En application de l'article R. 611-8 du code de justice administrative, la requête a été dispensée d'instruction.
Par une ordonnance du 8 janvier 2021, rendue sur recours contre la décision du bureau d'aide juridictionnelle du 19 août 2020, le président de la cour administrative d'appel de Lyon a accordé à M. D... le bénéfice de l'aide juridictionnelle totale.

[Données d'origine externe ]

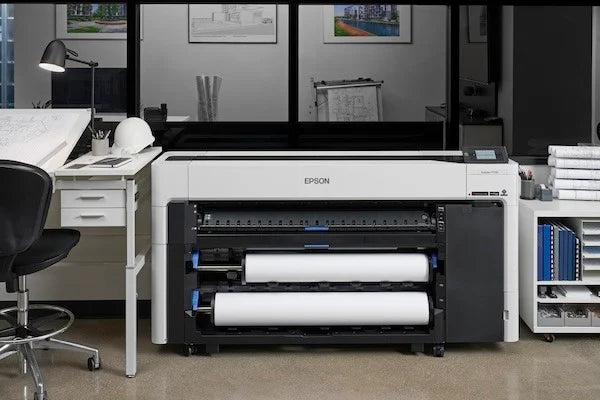 A large Epson wide-format printer with two rolls of paper sits in an office, surrounded by a chair, desk with a hard hat, architectural drawings, and shelves with more rolled paper and supplies.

Vu les autres pièces du dossier ;
Vu :
- la convention européenne de sauvegarde des droits de l'homme et des libertés fondamentales ;
- la convention internationale relative aux droits de l'enfant ;
- le code de l'entrée et du séjour des étrangers et du droit d'asile ;
- la loi n° 91-647 du 10 juillet 1991 ;
- le code de justice administrative ;
Le président de la formation de jugement ayant dispensé la rapporteure publique, sur sa proposition, de prononcer des conclusions à l'audience ;
Les parties ayant été régulièrement averties du jour de l'audience ;
Le rapport de Mme Evrard, présidente-assesseure, ayant été entendu au cours de l'audience publique ;
Considérant ce qui suit :
1. M. D..., ressortissant albanais né le 8 août 1999, est entré en France le 24 janvier 2019, selon ses déclarations, en compagnie de ses parents et de ses frères et soeurs mineurs, et a sollicité la reconnaissance du statut de réfugié. Sa demande, instruite selon la procédure accélérée, a été rejetée par une décision de l'Office français de protection des réfugiés et apatrides du 31 mai 2019, confirmée par la Cour nationale du droit d'asile le 19 novembre 2019. Par un arrêté du 30 octobre 2019, le préfet du Rhône lui a fait obligation de quitter le territoire français dans un délai de trente jours sur le fondement du 6° de l'article L. 511-1 du code de l'entrée et du séjour des étrangers et du droit d'asile et a fixé le pays de destination. M. D... relève appel du jugement du 10 avril 2020 par lequel le magistrat désigné du tribunal administratif de Lyon a rejeté sa demande tendant à l'annulation de cet arrêté.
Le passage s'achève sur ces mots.